The Secrets of Easter Island
The more we learn about the remote island from archaeologists and researchers, the more intriguing it becomes
- By Paul Trachtman
- Smithsonian magazine, March 2002, Subscribe
(Page 2 of 3)
When a statue was almost complete, the carvers drilled holes through the keel to break it off from the bedrock, then slid it down the slope into a big hole, where they could stand it up to finish the back. Eye sockets were carved once a statue was on its ahu, and white coral and obsidian eyes were inserted during ceremonies to awaken the moai’s power. In some cases, the statues were adorned with huge cylindrical hats or topknots of red scoria, another volcanic stone. But first a statue had to be moved over one of the roads that led to the island’s nearly 300 ahu. How that was done is still a matter of dispute. Rapa Nui legends say the moai “walked” with the help of a chief or priest who had mana, or supernatural power. Archaeologists have proposed other methods for moving the statues, using various combinations of log rollers, sledges and ropes.
Trying to sort out the facts of the island’s past has led researchers into one riddle after another—from the meaning of the monuments to the reasons for the outbreak of warfare and the cultural collapse after a thousand years of peace. Apart from oral tradition, there is no historical record before the first European ships arrived. But evidence from many disciplines, such as the excavation of bones and weapons, the study of fossilized vegetation, and the analysis of stylistic changes in the statues and petroglyphs allows a rough historical sketch to emerge: the people who settled on the island found it covered with trees, a valuable resource for making canoes and eventually useful in transporting the moai. They brought with them plants and animals to provide food, although the only animals that survived were chickens and tiny Polynesian rats. Artistic traditions, evolving in isolation, produced a rich imagery of ornaments for the chiefs, priests and their aristocratic lineages.

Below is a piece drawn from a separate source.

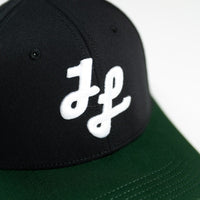 J.Lindeberg Golf Cap - Boyd Two Tone - Black AW26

And many islanders from the lower-caste tribes achieved status as master carvers, divers, canoe builders or members of other artisan’s guilds. Georgia Lee, an archaeologist who spent six years documenting the island’s petroglyphs, finds them as remarkable as the moai. “There’s nothing like it in Polynesia,” she says of this rock art. “The size, scope, beauty of designs and workmanship is extraordinary.”
At some point in the island’s history, when both the art and the population were increasing, the island’s resources were overtaxed. Too many trees had been cut down. “Without trees you’ve got no canoes,” says Pakarati. “Without canoes you’ve got no fish, so I think people were already starving when they were carving these statues. The early moai were thinner, but these last statues have great curved bellies. What you reflect in your idols is an ideal, so when everybody’s hungry, you make them fat, and big.” When the islanders ran out of resources, Pakarati speculates, they threw their idols down and started killing each other.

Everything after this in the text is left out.